Une Analyse des Coûts Salariaux en France
Florent Menagaux, le directeur général de Michelin, a récemment partagé des réflexions sur la question des coûts salariaux lors d’auditions au Sénat. Selon lui, le principal obstacle en France n’est pas tant le montant des salaires en eux-mêmes mais plutôt la différence significative entre le salaire brut et le montant net perçu par les employés. Cette problématique s’incrit dans un contexte plus large de crise que traverse la filière automobile et soulève des enjeux majeurs pour la compétitivité de l’industrie en Europe.
Compétitivité Européenne en Déclin
Menagaux a pointé du doigt la situation alarmante de l’industrie automobile en Europe, souffrant particulièrement de la concurrence accrue avec des producteurs asiatiques. Il a révélé que si l’on prenait comme référence 100 le coût de production de Michelin en Asie, celui des États-Unis atteignait 127 en 2019 et 176 en 2024, tandis que l’Europe figurait à 134 en 2019 et à 191 en 2024. Ce constat nerveux a conduit le dirigeant à conclure que les coûts de production en Europe étaient désormais presque deux fois plus élevés que ceux en Asie.
Cette hausse des coûts, selon Menagaux, est en grande partie attribuable à l’augmentation des prix de l’énergie, une ressource essentielle pour l’industrie pneumatique.
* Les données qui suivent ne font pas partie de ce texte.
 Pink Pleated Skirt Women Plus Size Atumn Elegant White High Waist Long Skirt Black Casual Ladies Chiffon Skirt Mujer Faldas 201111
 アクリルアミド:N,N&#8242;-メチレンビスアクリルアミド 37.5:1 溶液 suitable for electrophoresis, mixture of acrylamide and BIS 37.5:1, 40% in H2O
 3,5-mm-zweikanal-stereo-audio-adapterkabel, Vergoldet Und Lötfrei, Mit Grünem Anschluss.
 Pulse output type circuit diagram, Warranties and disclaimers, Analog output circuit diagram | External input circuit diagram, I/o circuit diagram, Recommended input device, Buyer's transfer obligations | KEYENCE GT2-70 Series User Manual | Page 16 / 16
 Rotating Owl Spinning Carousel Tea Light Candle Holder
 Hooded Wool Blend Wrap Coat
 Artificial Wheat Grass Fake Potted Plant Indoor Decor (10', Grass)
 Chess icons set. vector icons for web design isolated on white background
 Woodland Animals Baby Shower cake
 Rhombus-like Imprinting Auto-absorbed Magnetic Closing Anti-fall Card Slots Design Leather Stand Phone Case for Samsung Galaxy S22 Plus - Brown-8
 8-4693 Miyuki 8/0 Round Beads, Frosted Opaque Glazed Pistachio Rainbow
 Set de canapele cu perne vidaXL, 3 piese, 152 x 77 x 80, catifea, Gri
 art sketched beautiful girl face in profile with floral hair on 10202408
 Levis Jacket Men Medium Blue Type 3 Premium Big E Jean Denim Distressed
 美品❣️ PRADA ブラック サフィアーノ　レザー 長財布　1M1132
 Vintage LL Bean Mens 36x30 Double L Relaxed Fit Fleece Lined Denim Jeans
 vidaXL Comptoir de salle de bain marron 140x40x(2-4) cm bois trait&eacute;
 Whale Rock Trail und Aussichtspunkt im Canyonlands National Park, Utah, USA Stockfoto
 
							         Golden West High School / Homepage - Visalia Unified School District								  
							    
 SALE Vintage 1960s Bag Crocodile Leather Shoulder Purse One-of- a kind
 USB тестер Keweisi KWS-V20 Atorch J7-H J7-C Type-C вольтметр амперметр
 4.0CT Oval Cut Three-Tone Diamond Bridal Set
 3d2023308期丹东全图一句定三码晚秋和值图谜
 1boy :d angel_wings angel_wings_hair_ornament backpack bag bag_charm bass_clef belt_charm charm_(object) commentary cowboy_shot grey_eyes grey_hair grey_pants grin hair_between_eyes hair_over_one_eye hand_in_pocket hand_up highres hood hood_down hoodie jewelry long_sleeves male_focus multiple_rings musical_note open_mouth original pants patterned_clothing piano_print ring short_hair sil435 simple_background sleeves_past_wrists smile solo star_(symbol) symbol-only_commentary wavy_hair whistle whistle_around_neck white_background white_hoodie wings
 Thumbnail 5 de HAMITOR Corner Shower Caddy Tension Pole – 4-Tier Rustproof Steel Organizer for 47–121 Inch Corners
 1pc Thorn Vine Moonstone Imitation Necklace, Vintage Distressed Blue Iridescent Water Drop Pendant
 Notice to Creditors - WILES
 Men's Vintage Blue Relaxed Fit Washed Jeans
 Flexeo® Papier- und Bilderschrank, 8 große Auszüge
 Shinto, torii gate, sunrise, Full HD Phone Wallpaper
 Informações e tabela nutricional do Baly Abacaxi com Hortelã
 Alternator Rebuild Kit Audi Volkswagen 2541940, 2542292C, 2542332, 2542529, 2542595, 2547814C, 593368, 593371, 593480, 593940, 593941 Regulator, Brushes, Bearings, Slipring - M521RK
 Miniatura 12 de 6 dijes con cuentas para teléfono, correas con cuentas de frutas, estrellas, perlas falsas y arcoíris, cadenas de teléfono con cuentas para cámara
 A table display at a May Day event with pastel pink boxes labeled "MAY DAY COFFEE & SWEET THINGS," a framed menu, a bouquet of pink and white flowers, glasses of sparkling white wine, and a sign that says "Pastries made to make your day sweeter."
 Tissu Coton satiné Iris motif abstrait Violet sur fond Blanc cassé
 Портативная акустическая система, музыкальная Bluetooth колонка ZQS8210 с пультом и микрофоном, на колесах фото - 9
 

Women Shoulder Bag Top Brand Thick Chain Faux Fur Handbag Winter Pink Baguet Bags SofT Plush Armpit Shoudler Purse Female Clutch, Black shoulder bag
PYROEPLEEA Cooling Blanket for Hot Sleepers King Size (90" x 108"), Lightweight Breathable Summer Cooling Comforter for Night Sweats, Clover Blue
Malgré les efforts de décarbonation, la France se retrouve avec des tarifs énergétiques plus élevés que ceux des États-Unis, ce qui n’améliore pas la situation. En parallèle, la pression inflationniste a conduit à une augmentation générale des salaires, aggravant les défis auxquels les entreprises font face. En outre, la lourdeur de la fiscalité française influence directement la rentabilité de la production, ce qui soulève la question de la compétitivité des entreprises françaises sur le marché global.
Le Dilemme des Salaires et de la Fiscalité
Florent Menagaux a également évoqué la question des salaires au sein de son entreprise, en insistant sur le fait qu’il souhaite instaurer un salaire jugé « décent » pour tous les employés en France. Toutefois, il a mis en lumière les coûts associés à l’augmentation des salaires, qui ne bénéficient finalement qu’en partie aux travailleurs. Par exemple, pour 100 euros brut versés à un employé en France, le coût réel pour l’entreprise est de 142 euros, dont seulement 77,5 euros parviennent au salarié sous forme de salaire net. À titre de comparaison, en Allemagne, le même salaire brut coûte 120 euros à l’employeur tandis que le salarié en perçoit 80. Ces différences soulignent la complexité du système salarial français et créent un climat de mécontentement tant chez les employeurs que chez les employés.
Menagaux a déclaré que le problème fondamental réside dans l’écart entre le salaire brut et le montant net perçu par les employés, ce qui aggrave la perception d’une surcharge des coûts en France. Ce sentiment est partagé par divers acteurs économiques, y compris des personnalités politiques, qui s’interrogent sur la capacité de la France à maintenir des finances publiques équilibrées dans ce contexte de prélèvements obligatoires élevés.
Les Défis de la Réglementation
Un autre point soulevé par le dirigeant de Michelin concerne les lourdeurs réglementaires en Europe, qui entravent la prise de décisions à long terme et compliquent les projets d’investissement. Menagaux a souligné la difficulté liée à l’application d’une directive européenne qui, appliquée dans 27 pays avec des spécificités locales, complexoifie le paysage réglementaire. Cette situation engendre ce qu’il appelle un véritable « cauchemar administratif » pour les entreprises, qui se voient contraintes de jongler avec des exigences variées et des surenchères locales.
Dans un contexte de mondialisation où les concurrents asiatiques et américains intensifient leur pression, la nécessité d’une réforme de la réglementation européenne devient urgente. Menagaux conclut que si des actions ne sont pas entreprises pour alléger la pression fiscale et réglementaire, l’Europe risque de perdre sa compétitivité sur le marché mondial, entraînant des conséquences désastreuses pour des industries clés comme celle des pneumatiques.